La cérémonie de clôture inclura des francophones

La cérémonie de clôture, sur laquelle il a aussi planché, inclura des francophones. «Peut-être que ce ne sera pas suffisant aux yeux du Québec, mais qu'est-ce que vous voulez?» a conclu le chorégraphe sur un ton agacé.

Aux yeux du premier ministre Jean Charest, c'était insuffisant. «C'était magnifique, la cérémonie d'ouverture. Ils ont bien réussi leur coup, mais tout le monde aurait souhaité plus de français dans la cérémonie d'ouverture. Bon, ça fait partie du domaine des souhaits et de ce que nous espérons pour le reste des Jeux», a-t-il dit après une manifestation faisant la promotion de la francophonie à ces Jeux d'hiver, samedi à Whistler. Manifestation à laquelle le premier ministre du Canada, Stephen Harper, et le président du CIO, Jacques Rogge, qui avaient annoncé leur présence, n'ont pas participé.

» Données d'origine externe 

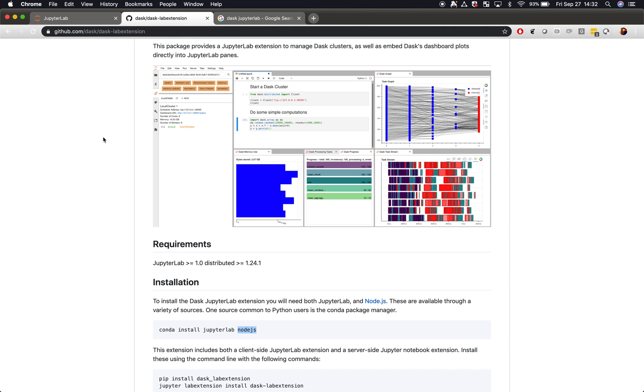In this screencast, we talk about how to integrate Dask's dashboards with JupyterLab, giving a seamless experience that has both a notebook and a variety of diagnostics in the same web tab.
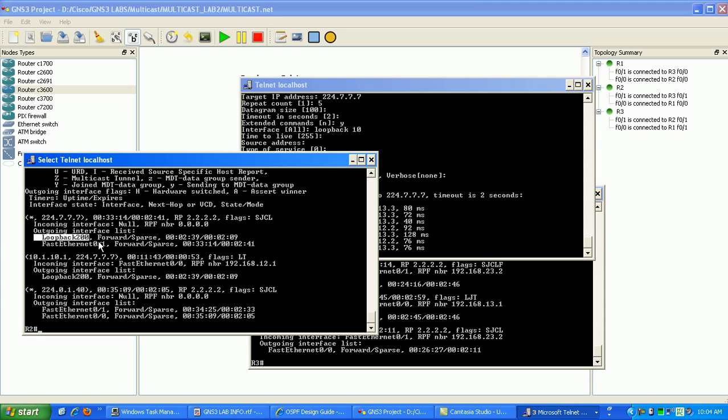Now, this is different than dense mode. This is one of the main differences, whereas in dense mode, it floods it out no matter what.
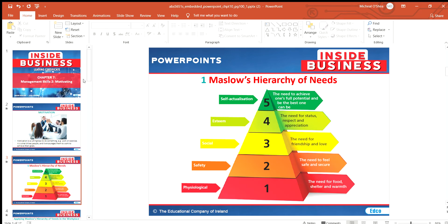There are two different theorists we're going to look at for motivation. The first is Maslow's Hierarchy of Needs — you may have seen this before. There are five different stages, and because it's a hierarchy it's in the shape of a pyramid. We start at the bottom: physiological, then safety, then social, then esteem, and finally self-actualization.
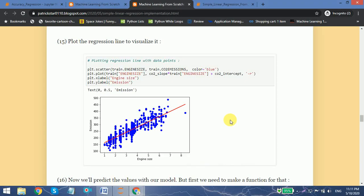Hey guys, welcome back to Chilifilly. In my previous video I talked about how we can plot a regression line that best fits our data. 'Best fits' means that the difference or the distance between the regression line and our data point must be minimum.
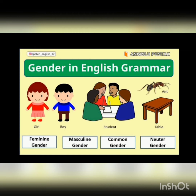Next is feminine. Feminine are the nouns that refer to female. Examples include heroine, aunt, lioness. These are the examples of feminine genders.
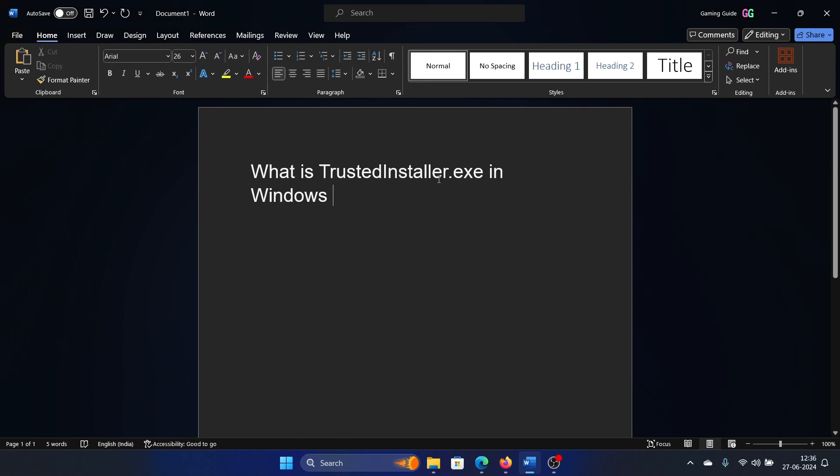Should you delete it? Should you deactivate it? Should you disable it? Absolutely not. Windows updates will cease to work without it. Whenever you reboot your system, this service will activate itself, so you cannot do anything about it.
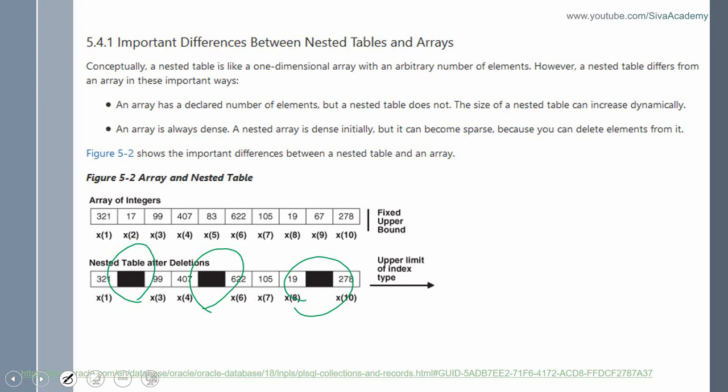Those are the two major functional differences. Though there are a few other differences, we will talk about those in a separate video. For now, I want to focus more on nested table, and we will be learning it in comparison with varray.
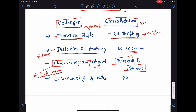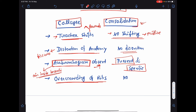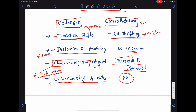In collapse, there will be overcrowding of ribs. As I have already mentioned, the lung architecture will be distorted and there will be overcrowding of ribs. But in case of consolidation, there is no overcrowding of ribs. So, these are the few points by which we can differentiate between consolidation and collapse.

Le ministre fédéral du Patrimoine, James Moore, est aussi déçu. «Les cérémonies ont été magnifiques, spectaculaires à la télévision, mais le français aurait dû occuper une place plus importante», a-t-il dit. Le conservateur avait de grandes attentes, surtout qu'on lui avait fait miroiter que le français occuperait une place de choix.

Le maire de Québec, Régis Labeaume, émet aussi un bémol sur la cérémonie à laquelle il a assisté aux côtés de son homologue de Montréal Gérald Tremblay. «Ce n'est pas tant le français que la place du Québec, son histoire francophone au sein du Canada, qui à mon avis n'a pas été assez montré dans le spectacle», a-t-il dit à La Presse hier.

Des critiques sur Twitter

Pendant la cérémonie, de nombreux Québécois sur le site de réseautage social Twitter ne se sont pas gênés pour critiquer la sous-représentation des francophones. Parmi eux, le député libéral et ancien ministre des Sports Denis Coderre: «Visuel: 8/10, spectacle: 6/10, ambiance: 6/10, bilinguisme: 1/10» ou encore «le mot des Jeux: BIENVENOUE», a-t-il écrit, faisant ici référence à l'unilinguisme du directeur général du comité organisateur des JO de Vancouver, John Furlong.

«Vous êtes parmi vos amis» est la seule phrase en français prononcée par M. Furlong durant son discours officiel d'ouverture. En réponse à ces critiques, la vice-présidente des communications du COVAN, Renée Smith-Valade, a haussé les épaules: «M. Furlong a de la difficulté à parler français. Que peut-on faire?»